Closed bleachzk closed 6 years ago
Hello!
Can you post the logs of the following:
kubectl describe nodes
kubectl logs nvidia-device-plugin-daemonset-ljrwc --namespace kube-system
kubectl logs nvidia-device-plugin-daemonset-m7h2r --namespace kube-system
After edit /etc/docker/daemon.json as follow:
{ "exec-opts": ["native.cgroupdriver=systemd"], "default-runtime": "nvidia", "runtimes": { "nvidia": { "path": "/usr/bin/nvidia-container-runtime", "runtimeArgs": [] } } }
I get a new error:
[root@mlssdi010001 k8s]# kubectl logs nvidia-device-plugin-daemonset-qbdlh --namespace kube-system
2018/01/15 03:13:11 Loading NVML 2018/01/15 03:13:11 Fetching devices. nvidia-device-plugin: symbol lookup error: nvidia-device-plugin: undefined symbol: nvmlDeviceGetPciInfo_v3
@bleachzk see this comment https://github.com/NVIDIA/k8s-device-plugin/issues/19#issuecomment-355724269
Can you run the following on your GPU node while Kubelet is running (i.e: the node is in the k8s cluster) ?:
$ docker build -t nvidia/k8s-device-plugin:1.9 https://github.com/NVIDIA/k8s-device-plugin.git#v1.9
$ docker run --security-opt=no-new-privileges --cap-drop=ALL --network=none -it -v /var/lib/kubelet/device-plugins:/var/lib/kubelet/device-plugins nvidia/k8s-device-plugin:1.9
[root@mlssdi010003 k8s-device-plugin]# docker build -t nvidia/k8s-device-plugin:1.9 https://github.com/NVIDIA/k8s-device-plugin.git#v1.9 Sending build context to Docker daemon 7.56 MB Step 1/17 : FROM nvidia/cuda:9.0-base-ubuntu16.04 as build Error parsing reference: "nvidia/cuda:9.0-base-ubuntu16.04 as build" is not a valid repository/tag: invalid reference format
@pineking How to build k8s-device-plugin without docker?I tried to run command:
C_INCLUDE_PATH=/usr/local/cuda/include LIBRARY_PATH=/usr/local/cuda/lib64 go build
Get error as follow: error.log.txt
What's your version of Go?
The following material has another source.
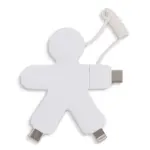 2064 | Xoopar Buddy Eco Charging Cable wit - Hidalgo-werbeartikel 2064 | Xoopar Buddy Eco Charging Cable, wit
And what's your version of Docker? I think you have old versions of both.
@flx42
[root@mlssdi010003 k8s-device-plugin]# go version go version go1.9.2 linux/amd64
[root@mlssdi010003 k8s-device-plugin]# docker --version Docker version 17.03.2-ce, build f5ec1e2
Ok, your version of go is recent, so I'm not sure why it fails to build. Your version of docker is a bit old, it doesn't support multi-stage builds.
But still, the image provided on Docker Hub should work. What is the output of the following commands?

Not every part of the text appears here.